Tailor your portfolio:For a full-time role, we’d expect to see some solid examples of your work in your portfolio. Make sure to include at least two or three projects that highlight your problem-solving skills and your ability to work with different technologies. Focus on the projects that are most relevant to the position at WeAreTechWomen.
Craft a killer cover letter:Your cover letter is your chance to stand out—make it personal! Explain why you want to work at WeAreTechWomen and how your skills align with the role. Show us your passion for software development. We dig enthusiastic candidates who understand the value of collaboration and continuous learning!
Be clear and concise:When it comes to writing your CV and cover letter, clarity is key. Avoid jargon that could confuse us and stick to simple, direct language. Highlight your achievements with quantifiable results where possible, and keep everything easy to read. A well-organised application goes a long way!
How to prepare for a job interview at WeAreTechWomen
✨Brush Up on Your Coding Skills
For a full-time software engineering role, it's crucial that we stay sharp with our coding abilities.

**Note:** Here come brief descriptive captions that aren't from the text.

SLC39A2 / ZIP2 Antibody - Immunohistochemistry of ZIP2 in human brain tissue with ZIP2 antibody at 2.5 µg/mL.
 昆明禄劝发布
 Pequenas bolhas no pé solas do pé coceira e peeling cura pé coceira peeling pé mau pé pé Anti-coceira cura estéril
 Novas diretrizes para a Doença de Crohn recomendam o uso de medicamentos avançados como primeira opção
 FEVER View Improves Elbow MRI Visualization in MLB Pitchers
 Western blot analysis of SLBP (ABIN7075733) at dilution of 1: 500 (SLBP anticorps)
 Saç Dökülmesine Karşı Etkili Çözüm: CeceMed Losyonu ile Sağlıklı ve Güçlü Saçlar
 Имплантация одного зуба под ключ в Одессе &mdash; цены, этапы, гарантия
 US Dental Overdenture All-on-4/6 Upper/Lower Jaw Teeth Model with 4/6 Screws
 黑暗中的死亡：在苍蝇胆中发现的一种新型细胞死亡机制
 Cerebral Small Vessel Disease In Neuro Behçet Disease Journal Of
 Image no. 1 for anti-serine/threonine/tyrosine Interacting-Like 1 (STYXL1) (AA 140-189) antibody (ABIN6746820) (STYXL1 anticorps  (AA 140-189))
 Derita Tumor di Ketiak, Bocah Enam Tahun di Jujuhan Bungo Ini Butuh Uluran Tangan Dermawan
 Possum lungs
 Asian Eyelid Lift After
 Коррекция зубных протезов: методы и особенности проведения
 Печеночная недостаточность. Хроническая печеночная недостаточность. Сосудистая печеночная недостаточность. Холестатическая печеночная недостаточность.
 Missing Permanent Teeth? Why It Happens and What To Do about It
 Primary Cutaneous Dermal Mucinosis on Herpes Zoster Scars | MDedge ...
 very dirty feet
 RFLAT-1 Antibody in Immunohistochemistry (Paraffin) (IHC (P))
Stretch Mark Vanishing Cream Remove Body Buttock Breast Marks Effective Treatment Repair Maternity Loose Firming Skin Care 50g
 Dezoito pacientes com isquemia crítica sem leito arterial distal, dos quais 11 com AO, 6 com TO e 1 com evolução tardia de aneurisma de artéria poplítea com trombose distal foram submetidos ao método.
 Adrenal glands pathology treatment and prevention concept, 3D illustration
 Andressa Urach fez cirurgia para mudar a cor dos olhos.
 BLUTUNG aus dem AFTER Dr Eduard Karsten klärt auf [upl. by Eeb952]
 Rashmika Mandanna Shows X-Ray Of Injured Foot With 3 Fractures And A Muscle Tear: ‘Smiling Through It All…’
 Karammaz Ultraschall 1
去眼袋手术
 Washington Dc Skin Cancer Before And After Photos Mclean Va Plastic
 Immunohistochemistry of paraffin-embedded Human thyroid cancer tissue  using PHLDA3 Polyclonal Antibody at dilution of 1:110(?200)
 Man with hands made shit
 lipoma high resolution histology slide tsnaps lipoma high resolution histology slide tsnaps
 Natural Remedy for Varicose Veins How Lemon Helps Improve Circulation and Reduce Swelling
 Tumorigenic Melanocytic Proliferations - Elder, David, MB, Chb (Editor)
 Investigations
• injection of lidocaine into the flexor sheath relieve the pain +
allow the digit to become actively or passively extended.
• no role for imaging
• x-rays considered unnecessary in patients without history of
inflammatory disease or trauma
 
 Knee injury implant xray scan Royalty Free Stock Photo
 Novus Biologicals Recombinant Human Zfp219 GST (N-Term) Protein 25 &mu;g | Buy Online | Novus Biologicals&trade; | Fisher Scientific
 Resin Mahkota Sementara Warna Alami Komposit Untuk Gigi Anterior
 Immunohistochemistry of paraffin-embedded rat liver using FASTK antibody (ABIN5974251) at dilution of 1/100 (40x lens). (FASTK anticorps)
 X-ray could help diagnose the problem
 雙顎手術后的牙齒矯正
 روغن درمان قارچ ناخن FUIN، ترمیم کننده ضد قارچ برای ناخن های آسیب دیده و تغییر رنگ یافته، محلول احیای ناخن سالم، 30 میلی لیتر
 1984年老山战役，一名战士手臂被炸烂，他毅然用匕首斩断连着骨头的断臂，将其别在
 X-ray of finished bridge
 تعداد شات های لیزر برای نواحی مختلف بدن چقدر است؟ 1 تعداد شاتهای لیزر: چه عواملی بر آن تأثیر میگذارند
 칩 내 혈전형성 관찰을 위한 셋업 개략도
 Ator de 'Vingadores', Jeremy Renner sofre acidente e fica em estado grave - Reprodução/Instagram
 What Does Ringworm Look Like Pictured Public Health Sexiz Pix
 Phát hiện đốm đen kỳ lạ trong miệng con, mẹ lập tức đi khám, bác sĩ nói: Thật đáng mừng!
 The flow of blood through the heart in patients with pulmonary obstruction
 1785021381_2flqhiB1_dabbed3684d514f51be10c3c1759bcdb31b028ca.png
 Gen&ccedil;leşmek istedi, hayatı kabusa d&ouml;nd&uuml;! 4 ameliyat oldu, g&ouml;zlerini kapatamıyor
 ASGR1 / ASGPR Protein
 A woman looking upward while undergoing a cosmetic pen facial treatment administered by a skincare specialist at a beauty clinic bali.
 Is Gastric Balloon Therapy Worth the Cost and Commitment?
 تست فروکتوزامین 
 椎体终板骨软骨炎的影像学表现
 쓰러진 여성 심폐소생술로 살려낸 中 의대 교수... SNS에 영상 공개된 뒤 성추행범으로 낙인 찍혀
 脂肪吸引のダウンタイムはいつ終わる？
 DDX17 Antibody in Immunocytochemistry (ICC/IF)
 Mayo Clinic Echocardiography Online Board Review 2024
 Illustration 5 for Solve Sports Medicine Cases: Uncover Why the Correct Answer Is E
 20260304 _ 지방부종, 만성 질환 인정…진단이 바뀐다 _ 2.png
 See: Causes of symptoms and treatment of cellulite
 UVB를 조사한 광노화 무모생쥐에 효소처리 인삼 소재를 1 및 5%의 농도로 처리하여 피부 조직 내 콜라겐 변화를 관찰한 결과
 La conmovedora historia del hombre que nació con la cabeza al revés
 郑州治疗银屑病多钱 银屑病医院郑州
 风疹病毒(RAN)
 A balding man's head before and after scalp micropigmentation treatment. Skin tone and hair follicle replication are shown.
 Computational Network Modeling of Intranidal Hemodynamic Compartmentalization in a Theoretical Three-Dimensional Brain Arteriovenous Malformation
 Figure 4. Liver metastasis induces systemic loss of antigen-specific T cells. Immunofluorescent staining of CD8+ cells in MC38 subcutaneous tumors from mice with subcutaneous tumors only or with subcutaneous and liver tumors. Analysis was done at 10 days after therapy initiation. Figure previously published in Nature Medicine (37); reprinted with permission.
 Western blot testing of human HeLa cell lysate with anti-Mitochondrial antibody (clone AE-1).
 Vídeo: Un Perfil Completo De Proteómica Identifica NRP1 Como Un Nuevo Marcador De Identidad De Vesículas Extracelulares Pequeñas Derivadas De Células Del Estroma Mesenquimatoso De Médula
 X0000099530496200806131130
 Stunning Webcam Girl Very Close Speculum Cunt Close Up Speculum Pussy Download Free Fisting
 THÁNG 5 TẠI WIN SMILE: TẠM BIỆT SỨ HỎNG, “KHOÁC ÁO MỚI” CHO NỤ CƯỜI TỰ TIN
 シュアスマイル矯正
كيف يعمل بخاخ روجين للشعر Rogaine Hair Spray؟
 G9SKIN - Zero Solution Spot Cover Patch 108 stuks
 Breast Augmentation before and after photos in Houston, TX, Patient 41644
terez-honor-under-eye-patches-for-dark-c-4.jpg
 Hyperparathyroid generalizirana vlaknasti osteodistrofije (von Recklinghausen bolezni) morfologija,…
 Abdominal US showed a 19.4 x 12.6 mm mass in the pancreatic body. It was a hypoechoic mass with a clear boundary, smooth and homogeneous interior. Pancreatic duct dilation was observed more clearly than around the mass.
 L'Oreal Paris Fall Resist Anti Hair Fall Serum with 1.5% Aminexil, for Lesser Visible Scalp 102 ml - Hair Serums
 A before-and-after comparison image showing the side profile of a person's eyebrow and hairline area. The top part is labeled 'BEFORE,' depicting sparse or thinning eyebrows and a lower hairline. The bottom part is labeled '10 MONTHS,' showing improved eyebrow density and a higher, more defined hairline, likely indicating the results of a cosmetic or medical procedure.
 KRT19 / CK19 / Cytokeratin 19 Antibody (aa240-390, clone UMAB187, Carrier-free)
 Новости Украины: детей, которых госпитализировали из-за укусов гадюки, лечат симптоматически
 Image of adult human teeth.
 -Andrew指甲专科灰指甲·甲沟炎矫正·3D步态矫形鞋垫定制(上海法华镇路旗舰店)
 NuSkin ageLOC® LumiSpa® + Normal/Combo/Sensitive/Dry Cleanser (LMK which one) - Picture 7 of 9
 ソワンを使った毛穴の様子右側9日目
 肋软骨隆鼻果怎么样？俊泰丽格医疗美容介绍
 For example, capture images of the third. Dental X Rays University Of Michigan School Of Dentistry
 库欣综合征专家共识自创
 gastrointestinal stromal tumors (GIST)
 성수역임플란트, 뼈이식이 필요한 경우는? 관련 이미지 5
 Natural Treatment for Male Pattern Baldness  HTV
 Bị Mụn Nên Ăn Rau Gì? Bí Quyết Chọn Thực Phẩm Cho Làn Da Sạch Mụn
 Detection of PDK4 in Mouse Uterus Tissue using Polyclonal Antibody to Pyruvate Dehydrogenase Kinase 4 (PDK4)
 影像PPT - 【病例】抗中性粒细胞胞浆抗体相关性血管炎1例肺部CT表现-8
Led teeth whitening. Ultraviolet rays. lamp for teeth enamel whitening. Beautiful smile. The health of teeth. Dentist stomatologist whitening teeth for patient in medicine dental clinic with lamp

Expect technical questions that might involve solving problems on the spot or discussing algorithms. Practise on platforms like LeetCode or HackerRank to get comfortable with the types of questions that often come up.
✨Know Your Tools and Frameworks
Make sure we’re well-acquainted with the tools and technologies listed in the job description. Familiarise ourselves with any specific frameworks or programming languages mentioned. If WeAreTechWomen uses React or Node.js, for instance, be ready to discuss how we’ve used them in previous projects or coursework.
✨Showcase Your Projects
Bring along a portfolio that highlights our best work. This could be code samples, GitHub repositories, or any side projects we’ve built. Make sure we can talk through our thought process for each project, especially the challenges we faced and how we solved them—this shows our problem-solving skills in action.
✨Prepare for Behavioural Questions
While technical skills are key, full-time positions also require cultural fit. Be ready to discuss our previous experiences and how we handle teamwork, conflict, and deadlines. Brush up on the STAR method—Situation, Task, Action, Result—to clearly articulate our past experiences when discussing how we've contributed to a team.